§ EXERCISE INPUT:

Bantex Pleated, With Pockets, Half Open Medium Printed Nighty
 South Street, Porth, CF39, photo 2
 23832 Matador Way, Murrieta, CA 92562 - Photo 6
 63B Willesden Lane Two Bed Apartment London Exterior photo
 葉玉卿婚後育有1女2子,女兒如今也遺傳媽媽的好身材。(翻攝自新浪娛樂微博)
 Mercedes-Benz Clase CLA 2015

§ TASK INSTRUCTIONS: Set out exactly the run of lines that begins at the line holding "葉玉卿婚後育有1女2子,女兒如今也遺傳媽媽的好身材。(翻攝自新浪娛樂微博)" and ends at the last line of the data.

§ WRITTEN SOLUTION:
 葉玉卿婚後育有1女2子,女兒如今也遺傳媽媽的好身材。(翻攝自新浪娛樂微博)
 Mercedes-Benz Clase CLA 2015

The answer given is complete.